以上説明した本実施の形態に係る内壁パネルユニット1によれば、室内の壁面Wに取付用下地枠2を当接ないし近接させた状態で配置して、アジャスタボルト70,70によって取付用下地枠2の長さを調節することによって、天井面CSと床面FSとの間で突っ張った状態で取付用下地枠2を固定することができるとともに、パネル4A,4B,4Cの蟻形溝Dga,Dga,Dgb1,Dgb1を取付用下地枠2の第1、第2および第3蟻形ほぞ30,30,32,32,50,50に係合させることによって、複数のパネル4A,4B,4Cを取付用下地枠2に取付けることができる。即ち、ボルトやネジなどの締結部材を用いることなく、室内の壁面Wに対向した位置に複数のパネル4A,4B,4Cを設置することができる。これにより、居住者自身で室内の模様替えを手軽に行うことができる。なお、パネルの交換が容易なため、好みのデザインや用途に応じたパネルを選択する自由度が増加する。また、パネルの設置に際して、接着剤や両面テープなどを用いていないため、経時劣化による内壁パネルユニットの壁面からの脱落(剥がれ)が生じることや、既存の壁面を傷つけることがない。なお、既存の壁面を傷つけることがないため、内壁パネルユニットの解体後においても、原状回復が可能である。

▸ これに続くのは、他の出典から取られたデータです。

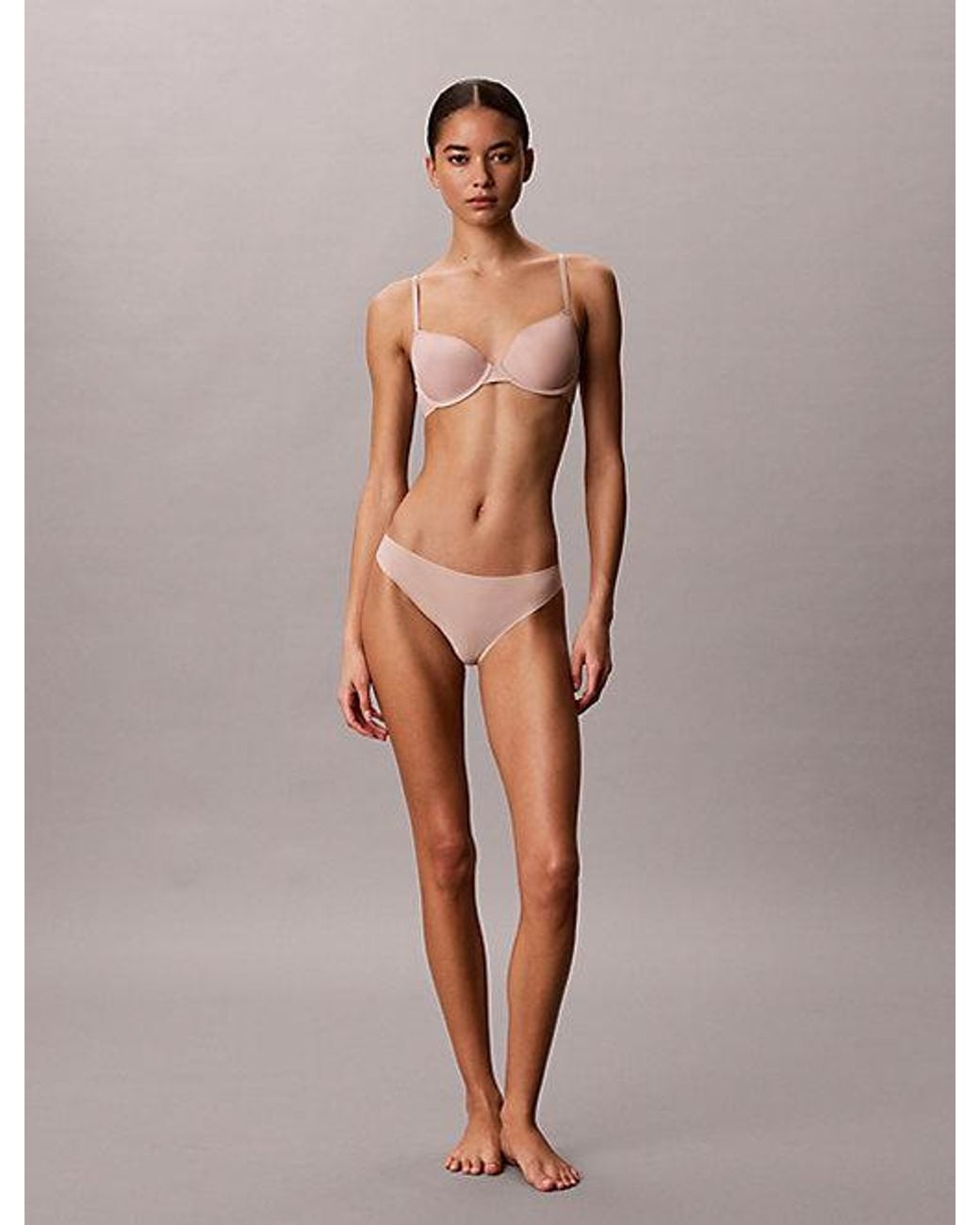 Calvin Klein Natural Lightly Lined Demi Bra Perfectly Fit Ultra Light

また、本実施の形態に係る内壁パネルユニット1によれば、パネル4A,4B,4Cの取付用下地枠2への取り付けは、第1および第2蟻形ほぞ30,30,32,32間に設けた切欠き34を介して行うことができるため、室内の壁面Wに取付用下地枠2を設置した後で、パネル4A,4B,4Cを取付用下地枠2に取り付けることができる。これにより、内壁パネルユニット1の壁面Wへの設置をより簡単なものとすることができる。

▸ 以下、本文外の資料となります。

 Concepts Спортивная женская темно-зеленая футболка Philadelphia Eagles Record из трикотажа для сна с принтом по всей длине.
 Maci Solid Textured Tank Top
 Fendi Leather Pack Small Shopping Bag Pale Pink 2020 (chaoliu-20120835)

さらに、本実施の形態に係る内壁パネルユニット1によれば、切欠き34に配置されることになるパネル4Cは、当該パネル4Cに設けた雇い実SPを、当該パネル4Cの直上に配置されるパネル4Bの実溝SLbに係合させると共に、当該パネル4Cの実溝SLbに、当該パネル4Cの直下に配置されるパネル4Cに設けた雇い実SPを係合させることによって、間接的に取付用下地枠2に取り付けることができる。これにより、切欠き34を設けたことによるパネル4A,4B,4Cの取付用下地枠2への取り付け性の向上と、パネル4A,4B,4Cの取付用下地枠2からの脱落防止と、の両立を図ることができる。なお、切欠き34に配置されることになるパネル4Cの直上に配置されるパネル4Bは、板バネPS,PSによって、切欠き34よりも天井面側に寄った状態で保持されるため、切欠き34に配置されるパネル4Cを取付用下地枠2に取り付ける際に、パネル4Bを手で押さえるなどする必要がない。これにより、作業性の向上を図ることができる。

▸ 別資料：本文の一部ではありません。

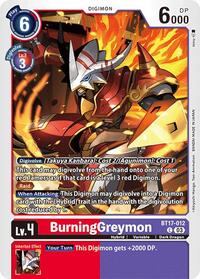 BurningGreymon (BT17-012 C) [Secret Crisis]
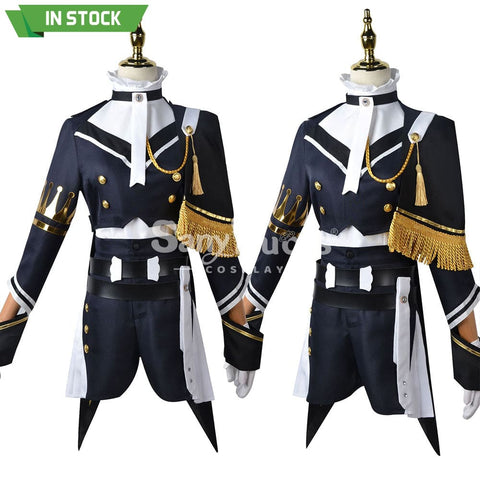 【In Stock】Vocaloid Hatsune Miku Cosplay Military Uniform Costume Plus Size Costumes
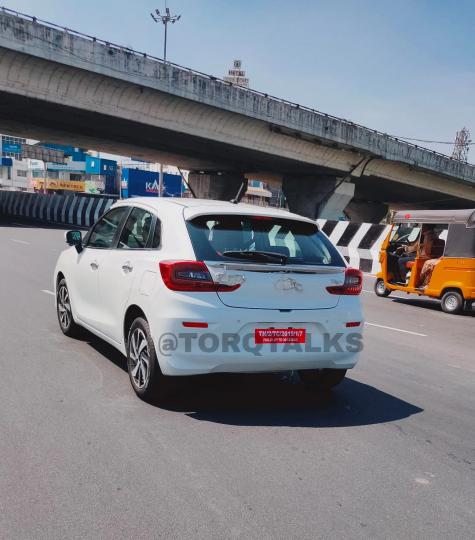 autos, cars, toyota, baleno, glanza, indian, scoops & rumours, spy shots, 2022 toyota glanza facelift spied sans camouflage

また、本実施の形態に係る内壁パネルユニット1によれば、取付用下地枠2は、上側角材90を介して天井面CSと当接すると共に、下側角材49を介して床面FSと当接する構成であるため、取付用下地枠2を天井面CSおよび床面FSと比較的広い面積で面接触させることができる。これにより、天井面CSおよび床面FSに対する突っ張り力が同じであれば、天井面CSや床面FSに作用する面圧を低下させることができる。これにより、天井面CSや床面FSを傷つけることを抑制することができ、内壁パネルユニット1の解体後においても、原状回復が可能である。また、取付用下地枠2が天井面CSおよび床面FSと比較的広い面積で面接触され得るため、天井面CSや床面FSに設けられた下地に取付用下地枠2を確実に当接させることができる。これにより、取付用下地枠2の固定を安定したものとすることができる。さらに、上側角材90や下側角材49をパネル4Bと天井面CSとの隙間、あるいは、パネル4Aと床面FSとの隙間の目地としても機能させることができるため、意匠的にも良好なものとすることができる。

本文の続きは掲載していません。